This work is the condensation of research that has occurred over the past two years surrounding the creation of novel timezones based on techno-social processes, which culminated in a series of sculptural objects entitled ‘Temporal Secessionism: Timezones 1 - 3’ presented at ‘Iskra Delta’, the 34th Ljubljana Biennale of Graphic Arts and the 7th Athens Biennale, as well as the digital-only ‘Timezone 4’ presented as part of Projekt Atol’s ‘Plaza Protocol’. This work simultaneously stands as the initial step in deeper theoretical research into the contemporary temporal regime, and the technologies that are giving rise to it, exploring points of tension raised in a chat-only reading group hosted on Urbit.

“If for the moment we assume that computers are equivalent to clocks in this instance then we are 100% living in the world of CPU time.” ~tontyl-pitret, ~sovnub-banleg/temporal-secessionism

  1. Distributed temporal mutations The points covered here began as reactions to Anna Greenspan’s PhD thesis Capitalism’s Transcendental Time Machine, around which much of our research orbited when developing Temporal Secessionism. However in the 21 years since its publication, digital timekeeping infrastructure has shifted from centralized and human-centric timezones and scales based on the historical powers of the Nation State and Greenwich Mean Time (GMT) to decentralised clusters of increasingly machine-oriented timezones serving corporate or inter/extranational networks outside of Westphalian groupings. As such, some of the core theses of Greenspan’s work had to be re-examined in light of these developments, and questions asked regarding the nature of these technologies on timekeeping practices and the nature of the digital time(zones) they create.

The focus here specifically is the still-nascent use of blockchains and Distributed Ledger Technologies (DLTs) as replacements for centralised server-client software architectures. As an increasing amount of digital infrastructure begins to rely on these distributed temporal architectures, we examine what some of the broad-strokes of a consensus-based temporal regime might look like in light of Greenspan’s work, and tensions that arise from her conclusions when applied to these novel technologies.

Greenspan’s thesis focussed on establishing “a connection between abstract thought and material practice” [pg1], highlighting how modern capitalist time is a categorically distinct and primarily synthetic conceptualisation of timekeeping compared to previous timekeeping systems. Disassociated as it is from the calendric cycles of history and instead reliant on fungible, qualitatively identical units of time defined by the controlling structures of the working day, the “modern conception of time - produced in both transcendental philosophy and by the culture and technics of capitalism - involves a distinction between time as a formal structure and the historical variations which occur inside it”. [pg 184]

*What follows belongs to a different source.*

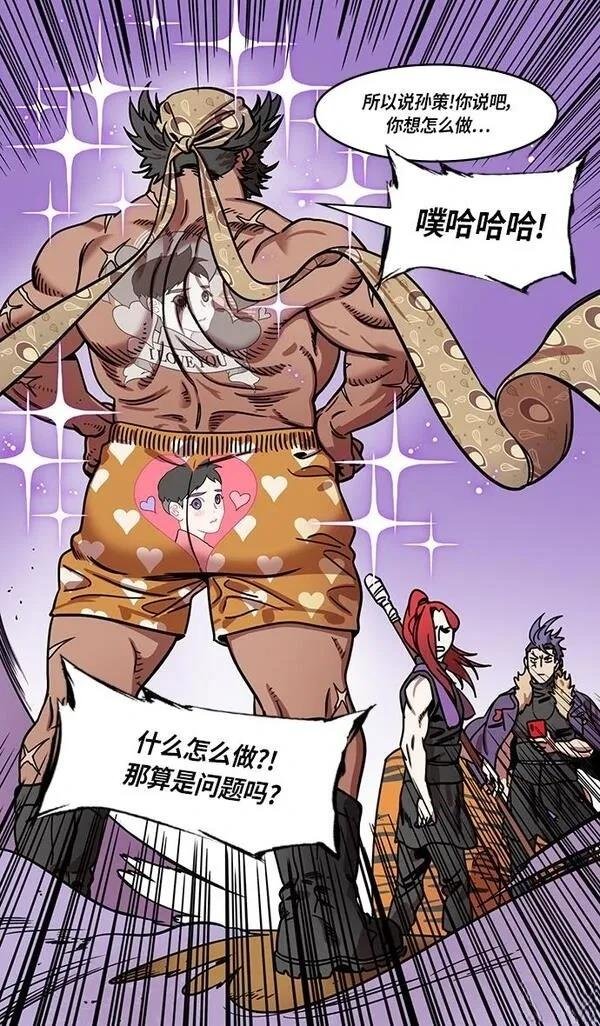 第292话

The ability for this conceptualisation and production of timekeeping as we know it - according to Greenspan - is rooted in the transcendental philosophy of Kant, with the movement taken by his ‘Copernican Turn’ freeing time from its conceptual subservience to space, and positioning time as the deepest of inner senses within which all else occurs. Detached from the “cyclical patterns of astronomy […] thus emerged a formal time conceived of as a purely quantitative framework that was considered to be separate and distinct from the historical content which happened to fill it”, which was instantiated by “the culture and technics of modern capitalism” [pg184].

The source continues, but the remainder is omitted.